Data:
· · · · ·

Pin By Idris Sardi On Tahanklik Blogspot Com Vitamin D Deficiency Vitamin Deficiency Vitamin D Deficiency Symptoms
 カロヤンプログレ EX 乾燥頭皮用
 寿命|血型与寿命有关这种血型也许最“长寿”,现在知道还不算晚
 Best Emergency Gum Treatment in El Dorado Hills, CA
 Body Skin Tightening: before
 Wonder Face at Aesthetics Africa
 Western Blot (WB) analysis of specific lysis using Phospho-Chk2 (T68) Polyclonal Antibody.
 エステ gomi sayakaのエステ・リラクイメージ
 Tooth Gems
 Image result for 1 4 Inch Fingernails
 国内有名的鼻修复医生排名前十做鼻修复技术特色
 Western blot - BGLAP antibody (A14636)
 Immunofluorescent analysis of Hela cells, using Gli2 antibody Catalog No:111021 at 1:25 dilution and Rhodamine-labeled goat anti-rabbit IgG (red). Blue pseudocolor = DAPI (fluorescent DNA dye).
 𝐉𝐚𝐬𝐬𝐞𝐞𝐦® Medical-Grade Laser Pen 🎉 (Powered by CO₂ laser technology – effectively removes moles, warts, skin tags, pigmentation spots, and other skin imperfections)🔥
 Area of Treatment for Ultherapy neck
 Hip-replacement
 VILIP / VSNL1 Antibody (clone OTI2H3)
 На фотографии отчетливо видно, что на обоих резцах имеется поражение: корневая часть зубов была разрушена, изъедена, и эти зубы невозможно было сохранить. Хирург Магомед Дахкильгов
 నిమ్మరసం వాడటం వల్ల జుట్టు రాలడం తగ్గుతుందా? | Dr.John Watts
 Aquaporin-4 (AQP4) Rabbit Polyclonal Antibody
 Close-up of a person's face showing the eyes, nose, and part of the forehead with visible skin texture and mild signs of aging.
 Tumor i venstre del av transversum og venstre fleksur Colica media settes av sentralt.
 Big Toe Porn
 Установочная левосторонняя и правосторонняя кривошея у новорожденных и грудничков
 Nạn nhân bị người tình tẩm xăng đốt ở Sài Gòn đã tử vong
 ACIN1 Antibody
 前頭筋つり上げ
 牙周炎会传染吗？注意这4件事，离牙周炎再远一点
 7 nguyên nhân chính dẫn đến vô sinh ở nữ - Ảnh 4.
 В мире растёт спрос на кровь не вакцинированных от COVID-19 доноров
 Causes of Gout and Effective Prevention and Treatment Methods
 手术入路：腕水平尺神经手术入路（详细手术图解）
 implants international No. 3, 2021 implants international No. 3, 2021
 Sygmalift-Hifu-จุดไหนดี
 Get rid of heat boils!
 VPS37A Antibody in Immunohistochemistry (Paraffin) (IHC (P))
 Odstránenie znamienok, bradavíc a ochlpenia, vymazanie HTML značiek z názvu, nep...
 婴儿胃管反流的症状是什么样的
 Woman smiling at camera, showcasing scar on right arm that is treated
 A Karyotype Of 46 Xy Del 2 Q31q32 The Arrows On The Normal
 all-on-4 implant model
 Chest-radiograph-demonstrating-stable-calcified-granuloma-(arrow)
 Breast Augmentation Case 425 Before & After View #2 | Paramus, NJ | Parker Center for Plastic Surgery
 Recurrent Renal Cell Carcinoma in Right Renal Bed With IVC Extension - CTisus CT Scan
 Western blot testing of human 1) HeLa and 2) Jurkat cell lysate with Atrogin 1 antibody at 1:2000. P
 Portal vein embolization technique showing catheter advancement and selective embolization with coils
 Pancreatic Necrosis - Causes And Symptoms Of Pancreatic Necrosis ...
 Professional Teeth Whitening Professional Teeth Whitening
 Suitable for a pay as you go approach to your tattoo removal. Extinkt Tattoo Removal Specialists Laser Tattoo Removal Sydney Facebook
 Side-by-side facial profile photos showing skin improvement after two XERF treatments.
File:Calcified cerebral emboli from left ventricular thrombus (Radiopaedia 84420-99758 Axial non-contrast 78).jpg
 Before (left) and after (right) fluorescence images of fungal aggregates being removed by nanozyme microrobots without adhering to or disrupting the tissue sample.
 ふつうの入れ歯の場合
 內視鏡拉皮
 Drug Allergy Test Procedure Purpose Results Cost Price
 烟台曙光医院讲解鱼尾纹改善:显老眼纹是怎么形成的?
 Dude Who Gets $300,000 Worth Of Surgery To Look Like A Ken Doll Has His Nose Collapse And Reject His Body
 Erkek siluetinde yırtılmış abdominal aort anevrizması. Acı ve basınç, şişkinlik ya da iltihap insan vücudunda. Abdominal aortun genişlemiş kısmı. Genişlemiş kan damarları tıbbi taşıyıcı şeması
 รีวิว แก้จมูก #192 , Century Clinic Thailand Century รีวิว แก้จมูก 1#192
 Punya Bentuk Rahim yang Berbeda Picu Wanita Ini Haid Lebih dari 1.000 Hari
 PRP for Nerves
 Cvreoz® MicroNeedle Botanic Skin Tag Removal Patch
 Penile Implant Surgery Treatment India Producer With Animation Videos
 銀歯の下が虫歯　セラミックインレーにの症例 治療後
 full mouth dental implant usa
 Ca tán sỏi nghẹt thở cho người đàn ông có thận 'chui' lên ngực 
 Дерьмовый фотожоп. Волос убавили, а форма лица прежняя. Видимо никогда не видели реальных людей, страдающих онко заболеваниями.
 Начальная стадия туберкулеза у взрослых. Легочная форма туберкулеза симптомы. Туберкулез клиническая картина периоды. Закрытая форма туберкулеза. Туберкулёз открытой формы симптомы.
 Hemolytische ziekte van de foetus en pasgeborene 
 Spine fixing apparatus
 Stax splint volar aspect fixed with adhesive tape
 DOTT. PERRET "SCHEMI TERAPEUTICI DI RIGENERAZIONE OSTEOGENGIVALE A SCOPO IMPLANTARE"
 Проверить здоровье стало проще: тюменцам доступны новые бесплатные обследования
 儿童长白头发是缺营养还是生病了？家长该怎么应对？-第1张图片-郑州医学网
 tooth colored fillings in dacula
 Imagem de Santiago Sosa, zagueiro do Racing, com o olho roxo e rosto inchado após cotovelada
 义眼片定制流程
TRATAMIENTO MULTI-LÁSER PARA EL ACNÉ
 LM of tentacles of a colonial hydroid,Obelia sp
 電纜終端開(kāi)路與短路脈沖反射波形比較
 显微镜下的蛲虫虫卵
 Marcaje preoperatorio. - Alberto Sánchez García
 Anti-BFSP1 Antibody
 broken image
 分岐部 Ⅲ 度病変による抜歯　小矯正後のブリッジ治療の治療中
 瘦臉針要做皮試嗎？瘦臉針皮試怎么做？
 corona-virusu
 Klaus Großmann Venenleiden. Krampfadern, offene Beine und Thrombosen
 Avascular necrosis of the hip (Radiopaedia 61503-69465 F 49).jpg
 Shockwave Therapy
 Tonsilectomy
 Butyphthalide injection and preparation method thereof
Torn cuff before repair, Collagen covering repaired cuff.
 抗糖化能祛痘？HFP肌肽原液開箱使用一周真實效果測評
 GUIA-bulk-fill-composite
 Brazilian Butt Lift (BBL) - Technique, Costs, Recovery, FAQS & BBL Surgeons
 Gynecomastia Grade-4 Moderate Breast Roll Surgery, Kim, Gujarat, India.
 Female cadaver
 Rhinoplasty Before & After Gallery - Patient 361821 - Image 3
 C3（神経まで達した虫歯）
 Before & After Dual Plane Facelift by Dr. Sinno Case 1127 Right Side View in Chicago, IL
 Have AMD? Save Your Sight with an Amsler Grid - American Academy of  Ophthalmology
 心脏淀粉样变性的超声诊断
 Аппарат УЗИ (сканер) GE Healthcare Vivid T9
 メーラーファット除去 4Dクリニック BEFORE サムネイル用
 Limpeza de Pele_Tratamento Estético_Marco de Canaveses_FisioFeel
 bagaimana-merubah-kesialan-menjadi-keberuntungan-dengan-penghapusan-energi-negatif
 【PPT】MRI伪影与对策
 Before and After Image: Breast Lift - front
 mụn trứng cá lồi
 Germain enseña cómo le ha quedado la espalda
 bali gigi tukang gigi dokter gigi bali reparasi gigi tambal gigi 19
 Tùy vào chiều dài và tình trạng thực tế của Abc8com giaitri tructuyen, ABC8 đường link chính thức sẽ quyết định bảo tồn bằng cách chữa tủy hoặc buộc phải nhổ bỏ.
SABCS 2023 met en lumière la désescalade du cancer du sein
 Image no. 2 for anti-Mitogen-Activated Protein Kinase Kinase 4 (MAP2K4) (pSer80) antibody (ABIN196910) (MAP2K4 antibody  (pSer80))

· · · · ·

Exercise instructions:
Some lines in the data above hold the string "left". Find and copy each of them.

The completed task:
File:Calcified cerebral emboli from left ventricular thrombus (Radiopaedia 84420-99758 Axial non-contrast 78).jpg
 Before (left) and after (right) fluorescence images of fungal aggregates being removed by nanozyme microrobots without adhering to or disrupting the tissue sample.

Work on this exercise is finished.